Inflammation plays a key role in the fight against infection. However, following ischaemic brain injury, inflammation can play a very different role, exacerbating the severity of damage. Inflammation results in long lasting, ongoing damage from the onset of vessel blockage through to and during reperfusion of the ischaemic brain area. One possible player within the inflammation related post-stroke damage is the NLR family pyrin domain containing 3 (NLRP3) inflammasome. During ischaemic brain injury, NLRP3 senses multiple stroke-induced stimuli leading to the recruitment of the adaptor protein ASC (the apoptosis-associated speck-like pro-caspase-1) resulting in caspase 1 production leading to downstream IL-1β and IL-18 production and release. IL-1β is well-reported to have significant pro-inflammatory and pro-apoptotic effects during acute ischaemic stroke.

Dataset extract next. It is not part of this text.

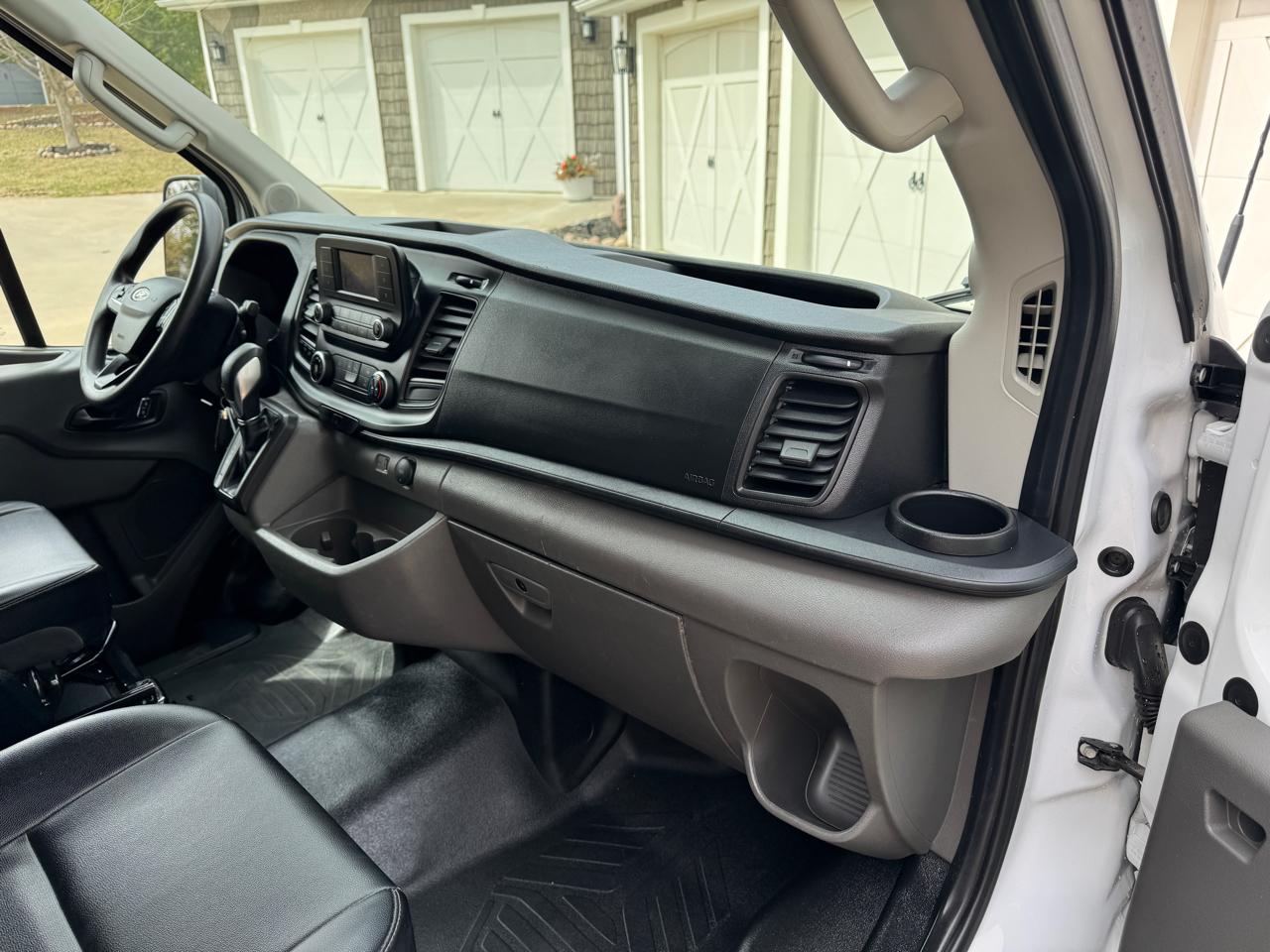 Ford Transit Cargo Van T-250 130" Med Rf 9070 GVWR RWD 2023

A recent study by Lemarchand et al., published in Stroke, sought to determine the importance of NLRP3 to the damage occurring following ischaemic brain damage. Previous studies have reported associations between NLRP3 and an increase in the severity of ischaemic brain injury, leading to the suggestion that targeting NLRP3 could be a potential therapeutic avenue. These previous studies report NLRP3 inhibition to be protective during ischaemia, alongside data showing that mice deficient in NLRP3 show decreased damage when compared to WT counterparts. However, contrary to this, the group responsible for the paper discussed here have previously reported that ischaemic brain injury develops independent of the NLRP3 inflammasome in a rodent model of stroke, suggesting instead that the NLRC4 (NLR family, CARD containing 4) and AIM2 (absent in melanoma 2) inflammasomes contribute to the resulting brain injury, independent of NLRP3. Lemarchand et al. sought to categorically determine the role of NLRP3 in ischaemic stroke damage, using genetic and pharmacological inhibition of NLRP3. Furthermore, to increase the robustness of the data, the group utilized the FeCl3 (ferric chloride induced thrombosis) model of preclinical ischaemic stroke, where FeCl3 soaked strips are applied to the middle cerebral artery causing localized and immediate thrombus formation, a model that may have considerable clinical relevance.

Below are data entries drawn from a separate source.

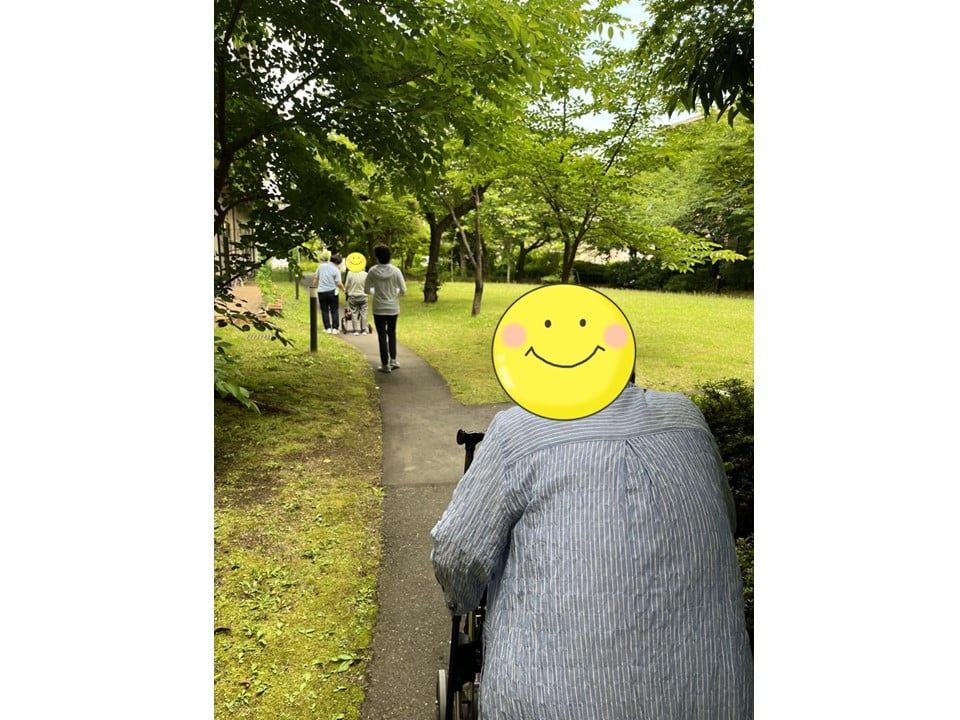 ①中庭を通って向かいます
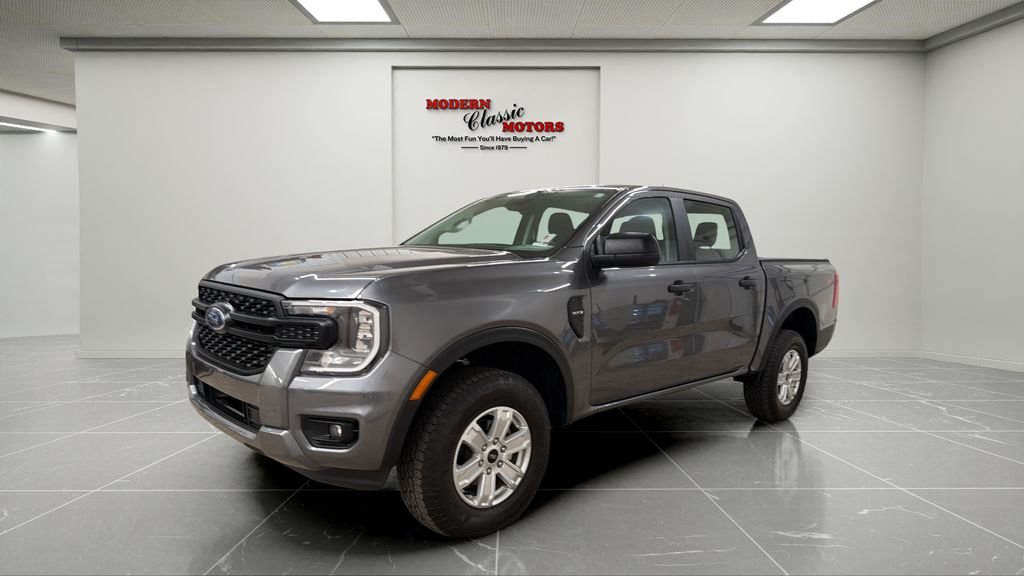 Used 2025 Gray Ford XL image 3
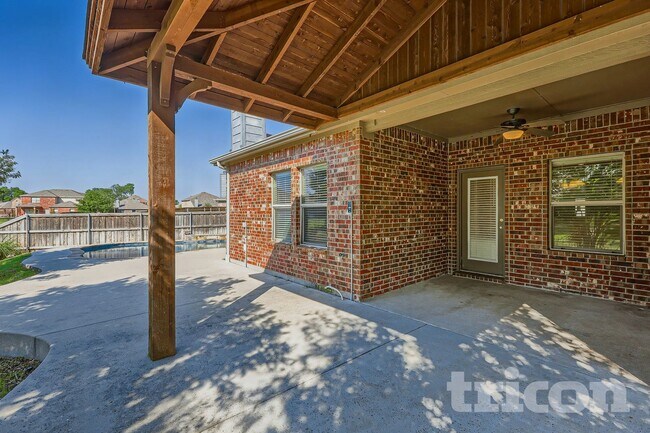 Photo - 1030 Barrington Dr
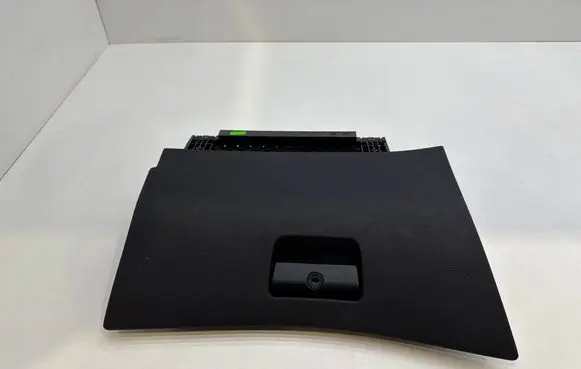 BMW 3 E46 Glove box 8203822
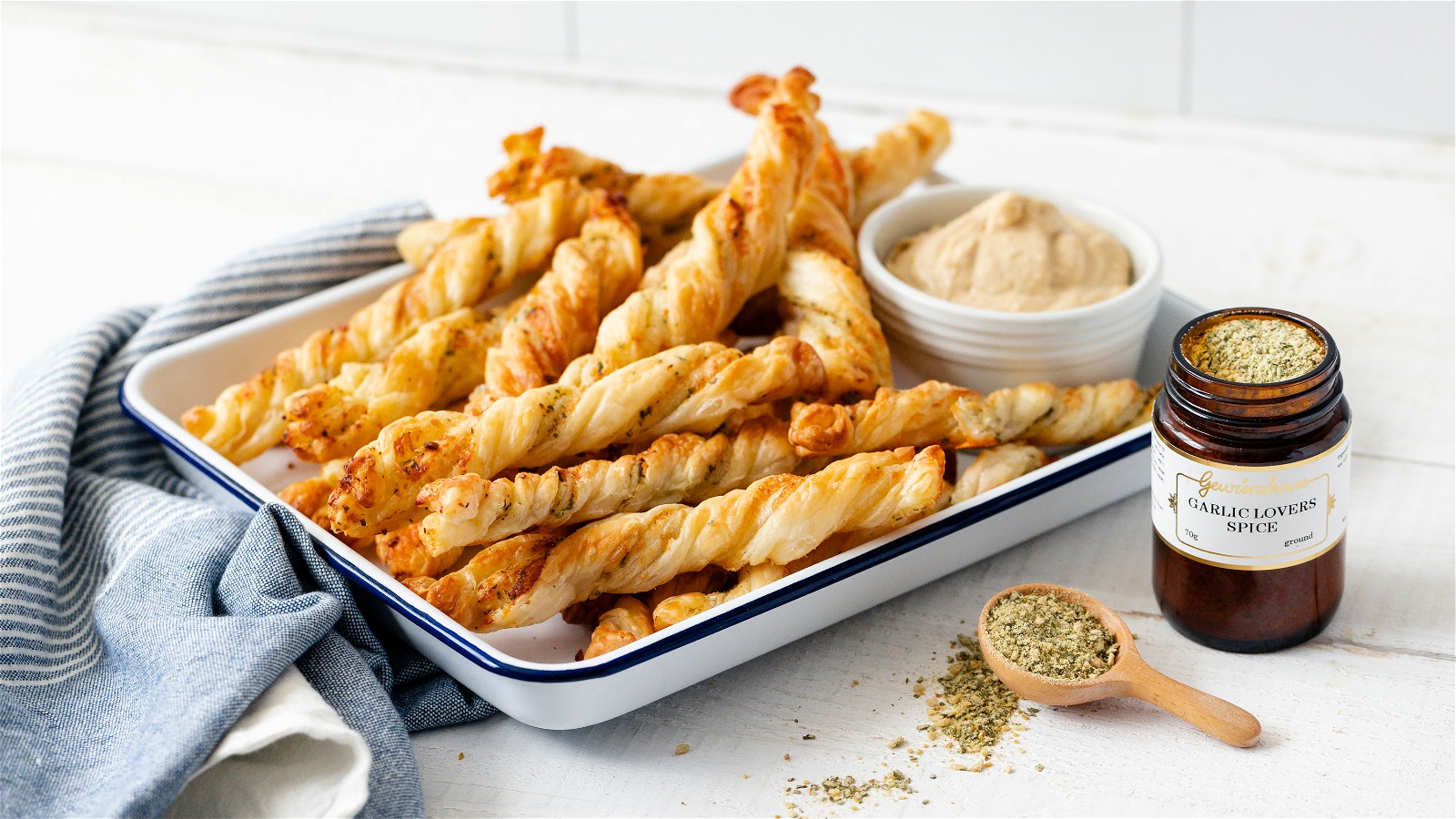 Image of Garlic Lovers' Cheese Twists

The study reports no reduction in ischaemic brain injury when NLRP3 inflammasome is inhibited with MCC950 or when using NLRP3-/- (heterozygous maintained) knockout mice. NLRP3 expression was increased within the injured tissue at 24 hours post-stroke onset, a result of which is consistent with previous reports. Furthermore, using flow cytometry, the authors report a marked inflammatory response alongside the significant upregulating of the NRP3 system. To assess the role of NLRP3, the potent and selective inhibitor MCC950 was administered 30 minutes following occlusion onset; however, administration did not result in reduced lesion volume, nor did it affect the recruitment of neutrophils or IL-1β expression. This outcome was the same with MCC950 administration peripherally or if administered at the site of action via the lateral ventricle. The authors note that, unexpectedly, MCC950 administration led to increase lesion volume when using NLRP3-/- animals maintained as homozygous. The authors investigated this to discover significant genetic drift within the line. This unexpected finding was highlighted by the group and discussed to caution the scientific community to the pitfalls of homozygote maintained transgenic lines.
In conclusion, the study reports that irrespective of the increased inflammatory response following ischaemic stroke, NLRP3-dependent inflammation is not involved in the exacerbation of injury and is, therefore, not a target for stroke therapeutics. This study highlights the need for further research to fully assess not only the role of the NLRP3 inflammasome following an ischaemic stroke, but also to determine the exact processes involved in the damage occurring. The findings presented here could be further interrogated through the addition of a tPA reperfusion step — more closely representing the clinical situation. Furthermore, the utilization of other species, aged animals and the presence of comorbidities is needed to fully assess the role of NLRP3 in ischaemic stroke at both the acute and chronic phases of inflammation.